On the 28th Mullins went ashore and saw for himself what the naval bombardment had done to the Japanese positions. He describes the horrific stench of death permeating the entire island, with bodies everywhere he looked. He found souvenirs to take home.
When he returned to his ship, they moved out to act as a guard for the rest of the fleet. Unfortunately, while moving into position a 5-inch cannon shell tore through the starboard hull. It was fired by an American ship. The shell took out the generator providing power to their Anti-Aircraft gun turrets, which now had to be operated manually. Amazingly, no one was injured in the accident.
The battle had finally started to wind down. Japanese counterattacks were still occurring, but constant naval and aerial bombardment was pushing them farther and farther back. Mullins’ LST continued supporting operations by ferrying supplies and wounded back and forth. By the 3rd they were one of the few ships left from the original invasion fleet. Despite the constant shelling, shrapnel, and friendly fire, his ship had survived and was able to operate effectively.

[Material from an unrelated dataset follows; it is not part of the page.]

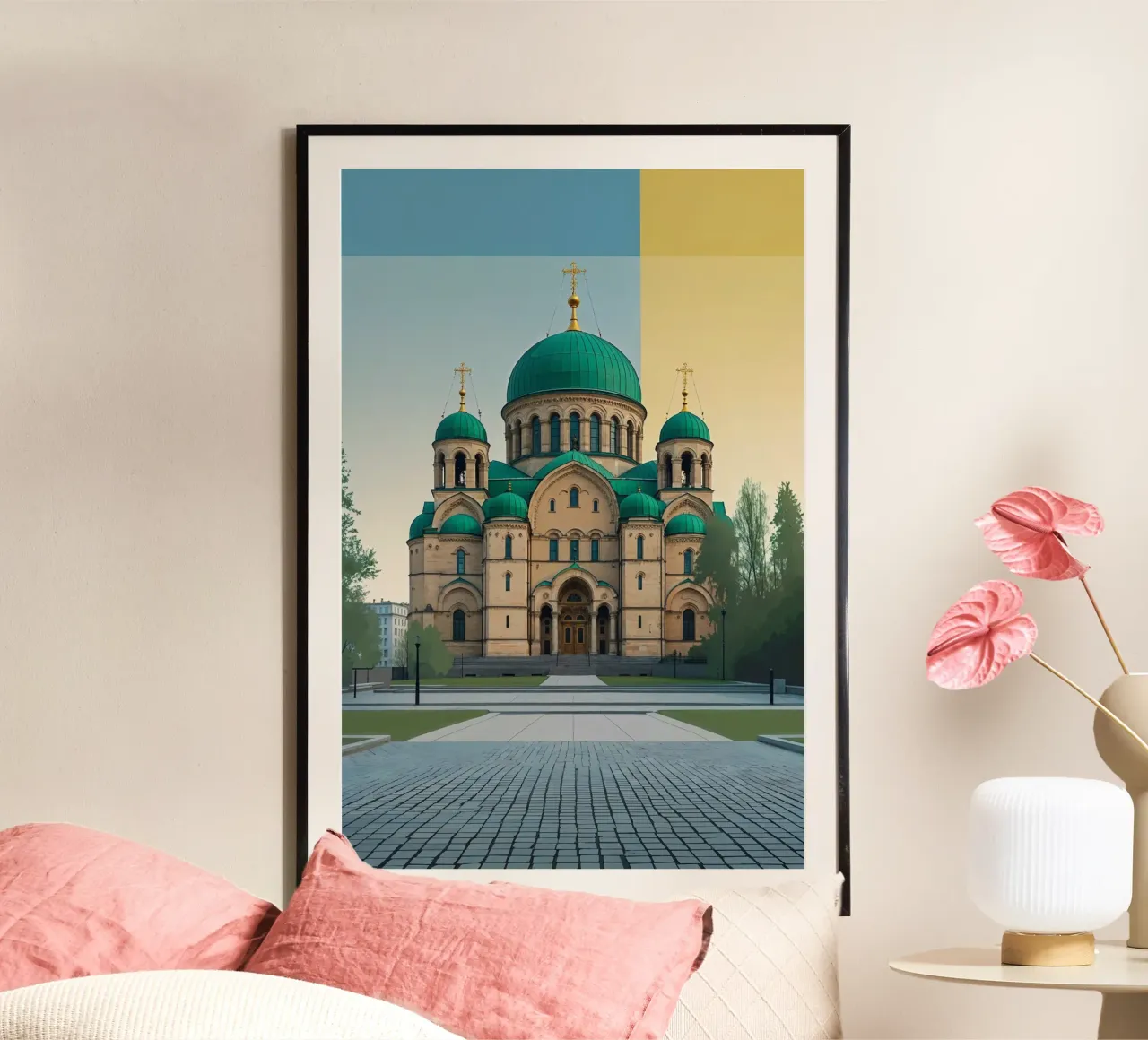 Minimalist Tribute to St. Sophia poster con telaio in alluminio da AlbertKlee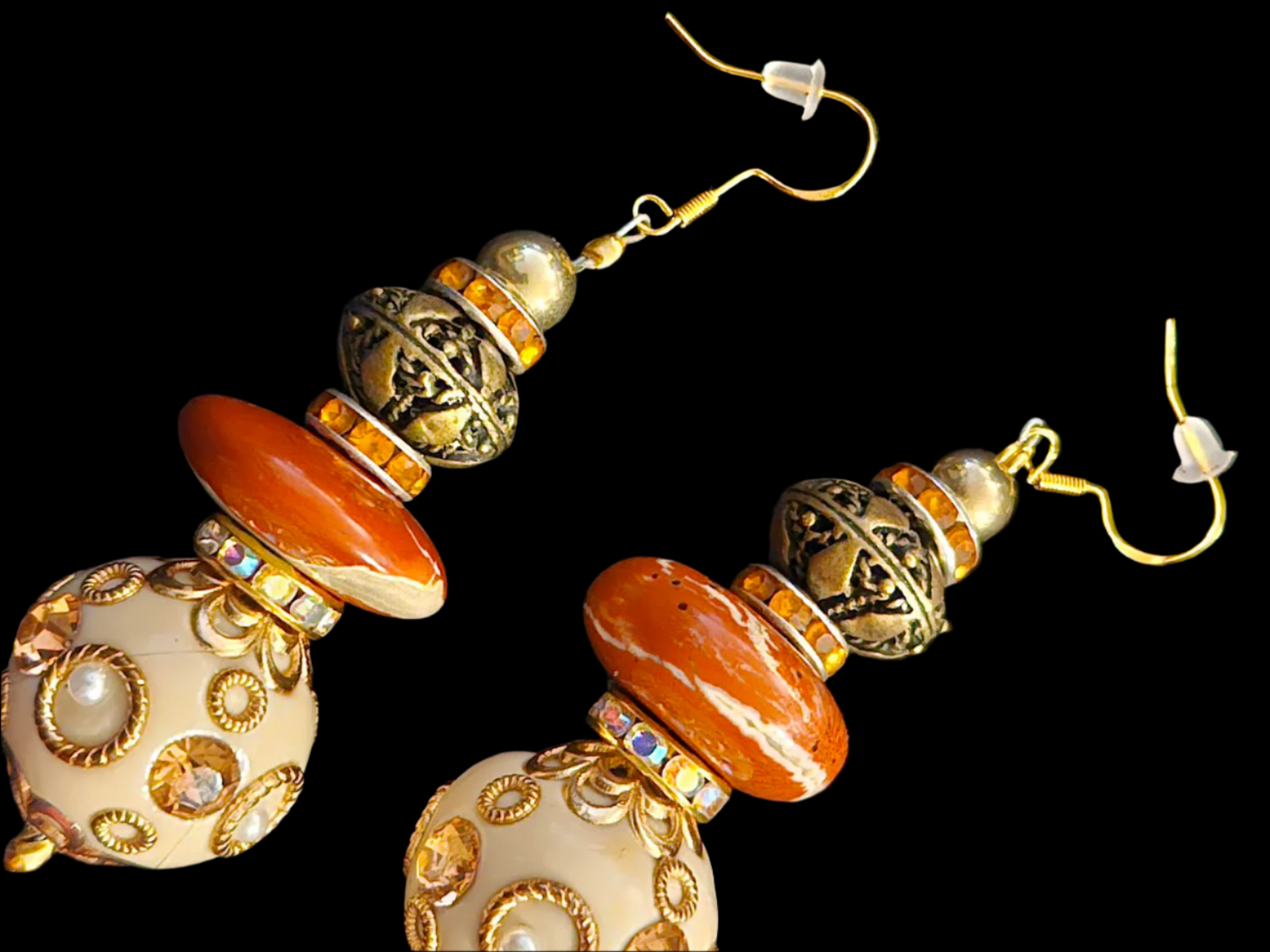 Red Jasper Copper & Golden Cream Polynesian Beaded Pierced Statement E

Allied aircraft started using the island. Float planes tied up along an artificial dock, and bombers landed on the airfield. At last, the almost nightly air raid sirens stopped, and the crews were able to get some sleep. The operation was completed.
After the Island had been declared fully secure, the LSTs began ferrying Marines onto US Army Transports. Mullins’ final entry is simply “March-18th!”
The horror of Iwo Jima was over, and preparations began for the next assault.
Stories like this fill the gaps in our historical narrative. The American Marines and Japanese Soldiers who fought for Iwo Jima are part of the story; behind them were thousands of support troops, sailors, and airmen. These men made up the majority of those who served in the war, but their stories are too often forgotten.
With Veteran’s Day or Remembrance day just past, we should take a moment to be thankful that such men served.